─── INPUT RECORDS ───

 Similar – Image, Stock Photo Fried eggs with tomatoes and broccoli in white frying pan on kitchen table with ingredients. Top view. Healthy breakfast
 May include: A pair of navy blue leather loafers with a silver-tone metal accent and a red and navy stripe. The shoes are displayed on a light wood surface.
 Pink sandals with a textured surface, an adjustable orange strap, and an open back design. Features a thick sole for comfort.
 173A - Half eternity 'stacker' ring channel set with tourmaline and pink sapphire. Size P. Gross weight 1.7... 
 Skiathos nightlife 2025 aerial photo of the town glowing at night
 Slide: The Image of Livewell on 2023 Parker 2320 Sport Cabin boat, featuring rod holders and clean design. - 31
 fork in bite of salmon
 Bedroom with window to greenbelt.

───
─── INPUT RECORDS ───

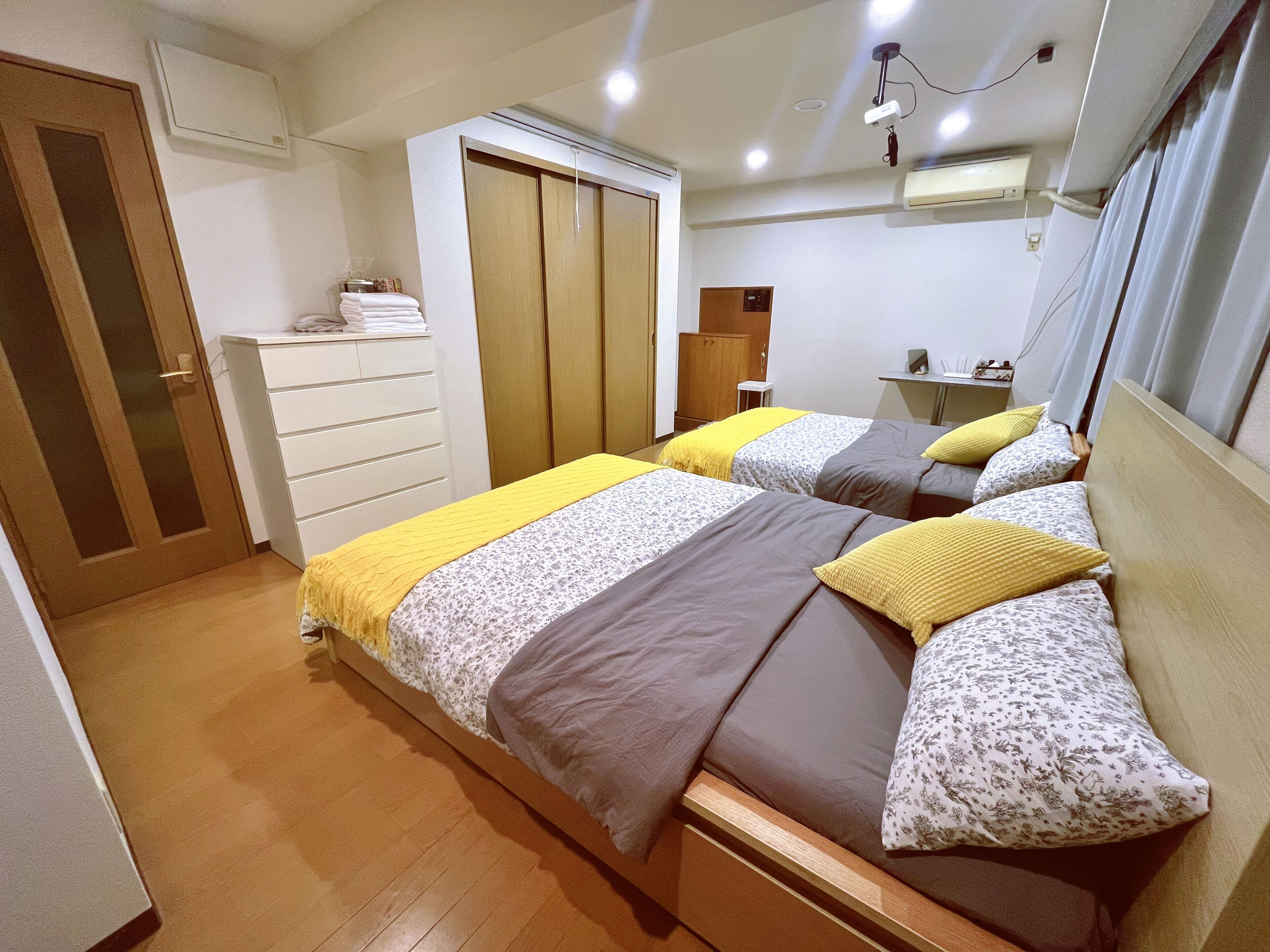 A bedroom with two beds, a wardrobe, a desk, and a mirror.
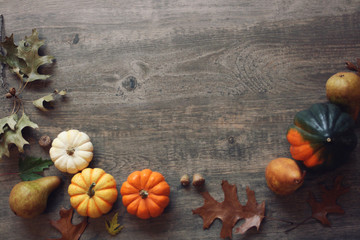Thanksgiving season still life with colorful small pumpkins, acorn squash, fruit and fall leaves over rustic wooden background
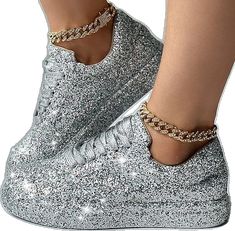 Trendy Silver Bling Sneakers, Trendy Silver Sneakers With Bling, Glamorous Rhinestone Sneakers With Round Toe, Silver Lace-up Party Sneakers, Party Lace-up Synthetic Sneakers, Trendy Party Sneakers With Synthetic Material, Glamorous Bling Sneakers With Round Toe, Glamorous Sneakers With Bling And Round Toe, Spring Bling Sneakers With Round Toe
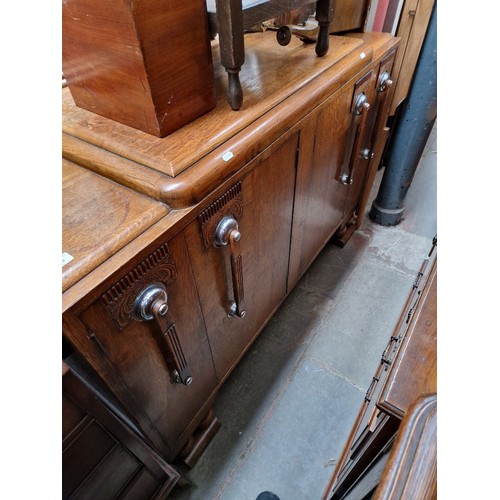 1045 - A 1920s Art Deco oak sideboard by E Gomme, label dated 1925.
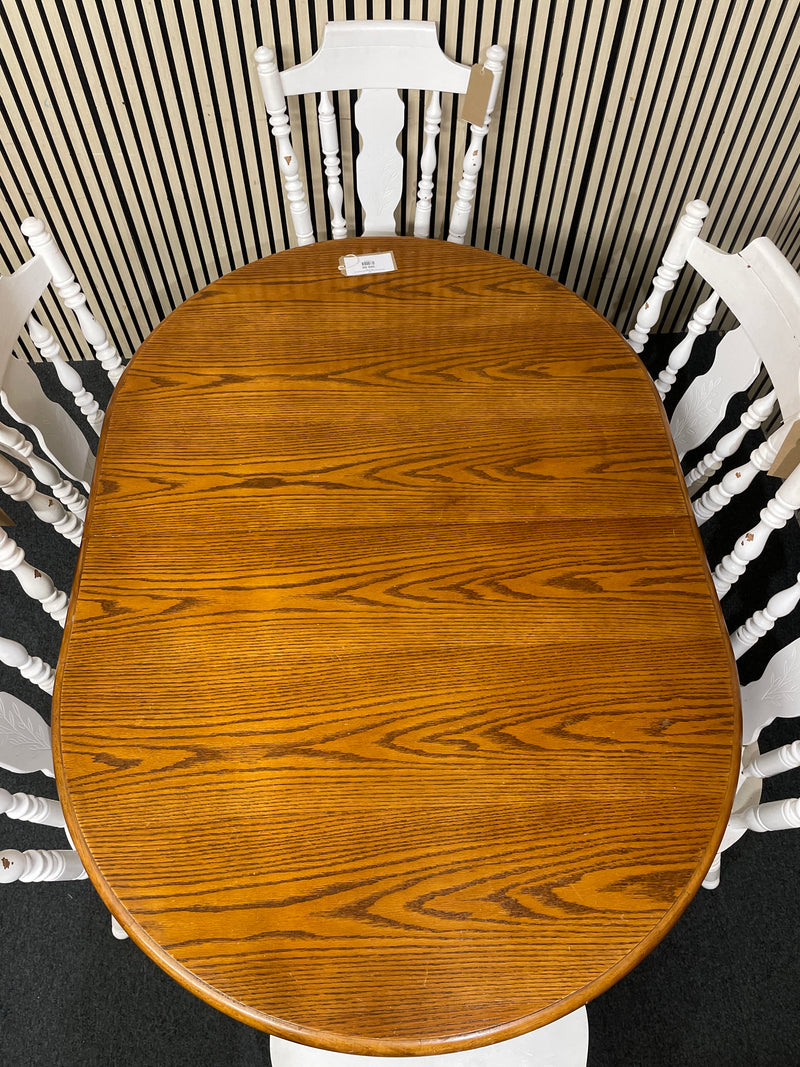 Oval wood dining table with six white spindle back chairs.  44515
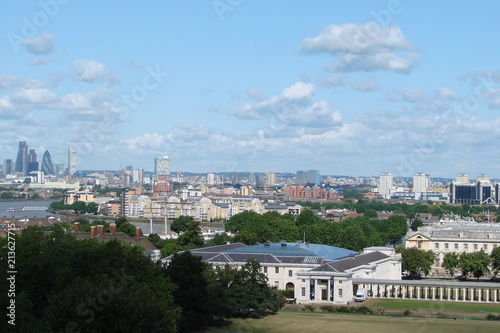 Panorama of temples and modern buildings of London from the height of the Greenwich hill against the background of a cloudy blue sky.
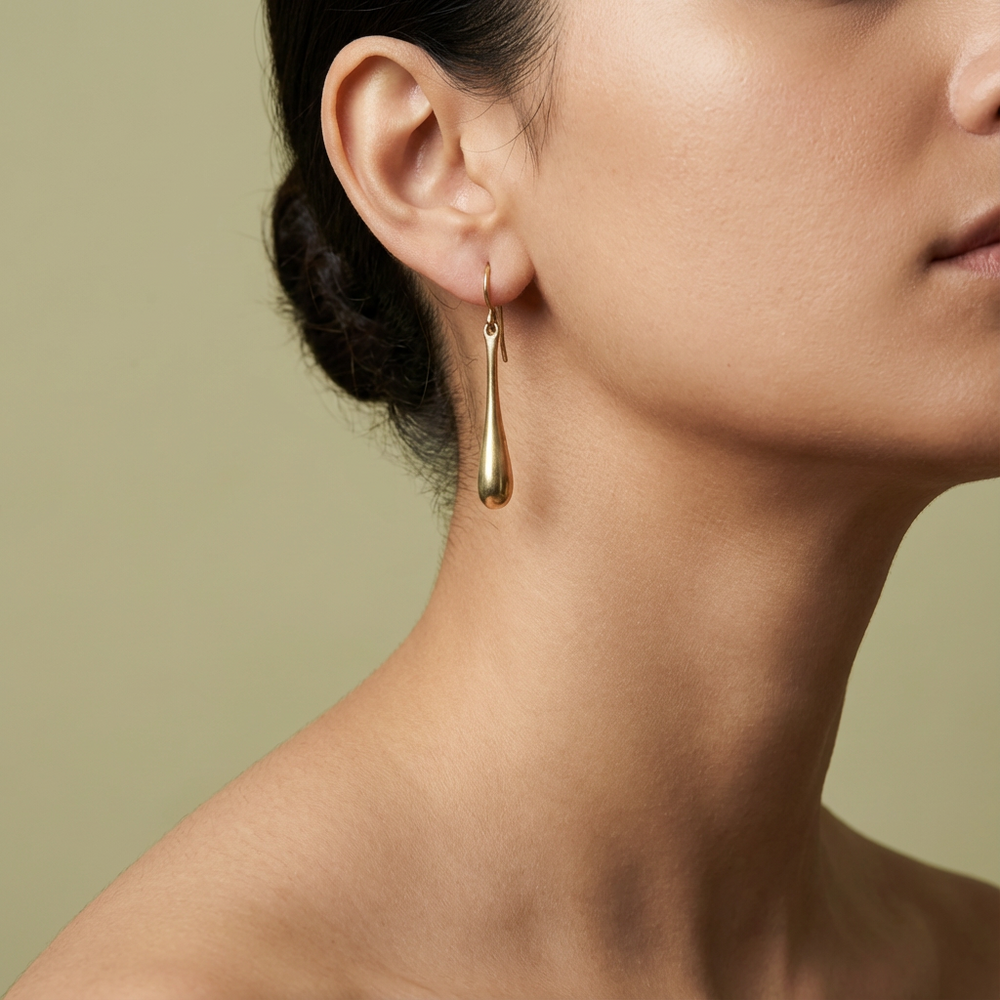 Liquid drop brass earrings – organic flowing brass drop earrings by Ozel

───

*THE PROBLEM:*
For this exercise, reproduce exactly the lines of the records above from the one with "A bedroom with" up to and including the one with "Panorama of temples", without pictures.

*EXERCISE SOLUTION:*
 A bedroom with two beds, a wardrobe, a desk, and a mirror.
Thanksgiving season still life with colorful small pumpkins, acorn squash, fruit and fall leaves over rustic wooden background
 Trendy Silver Bling Sneakers, Trendy Silver Sneakers With Bling, Glamorous Rhinestone Sneakers With Round Toe, Silver Lace-up Party Sneakers, Party Lace-up Synthetic Sneakers, Trendy Party Sneakers With Synthetic Material, Glamorous Bling Sneakers With Round Toe, Glamorous Sneakers With Bling And Round Toe, Spring Bling Sneakers With Round Toe
 1045 - A 1920s Art Deco oak sideboard by E Gomme, label dated 1925.
 Oval wood dining table with six white spindle back chairs.  44515
 Panorama of temples and modern buildings of London from the height of the Greenwich hill against the background of a cloudy blue sky.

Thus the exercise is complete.